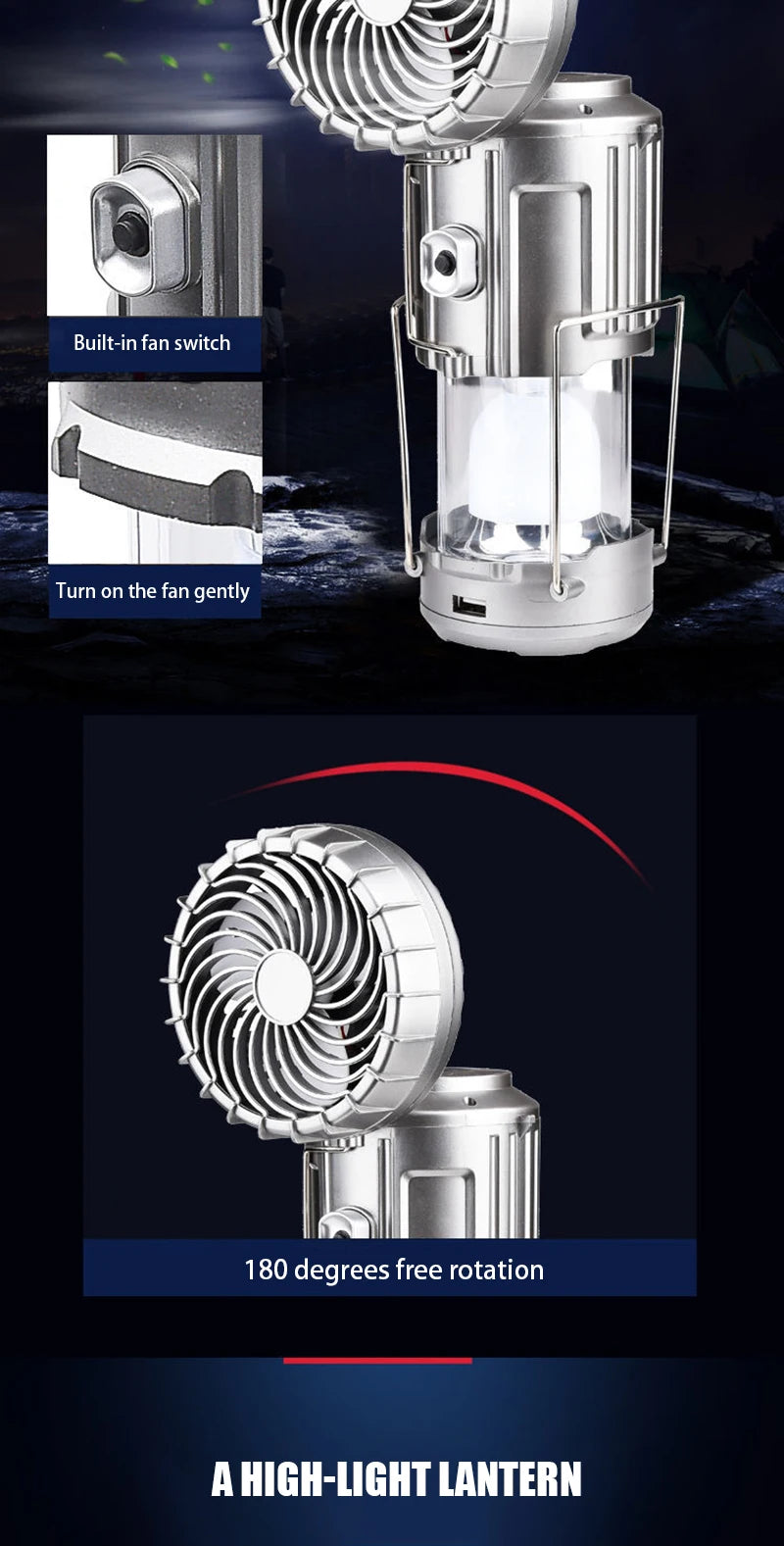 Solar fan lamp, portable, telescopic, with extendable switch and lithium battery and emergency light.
==
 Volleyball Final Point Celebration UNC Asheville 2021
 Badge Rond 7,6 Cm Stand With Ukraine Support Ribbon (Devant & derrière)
--
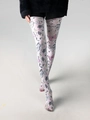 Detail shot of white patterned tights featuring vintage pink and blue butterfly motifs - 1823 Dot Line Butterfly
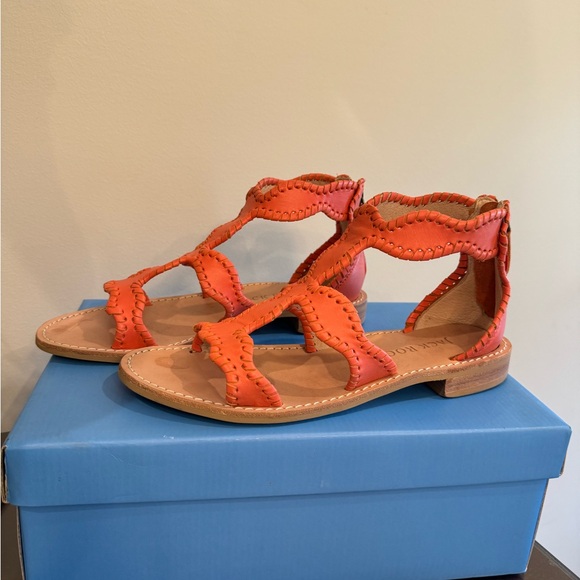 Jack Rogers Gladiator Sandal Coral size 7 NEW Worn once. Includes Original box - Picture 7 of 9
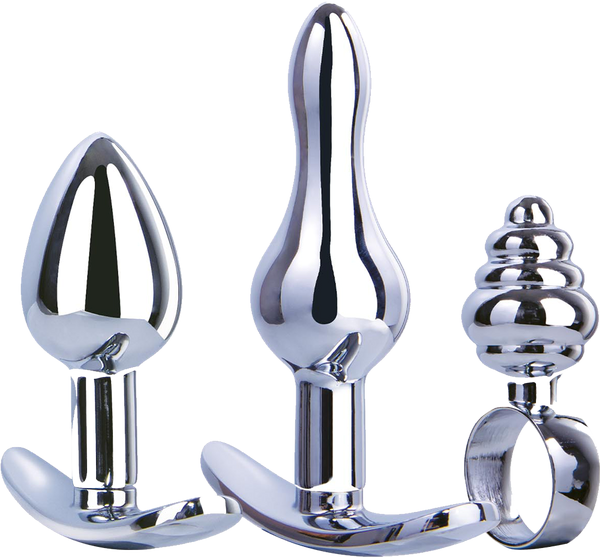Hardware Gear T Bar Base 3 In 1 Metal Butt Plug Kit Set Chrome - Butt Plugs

Your assignment:
Return exactly the lines above, from the one with "Jack Rogers Gladiator" up to and including the one with "Hardware Gear T", and include no pictures.

Reply:
 Jack Rogers Gladiator Sandal Coral size 7 NEW Worn once. Includes Original box - Picture 7 of 9
Hardware Gear T Bar Base 3 In 1 Metal Butt Plug Kit Set Chrome - Butt Plugs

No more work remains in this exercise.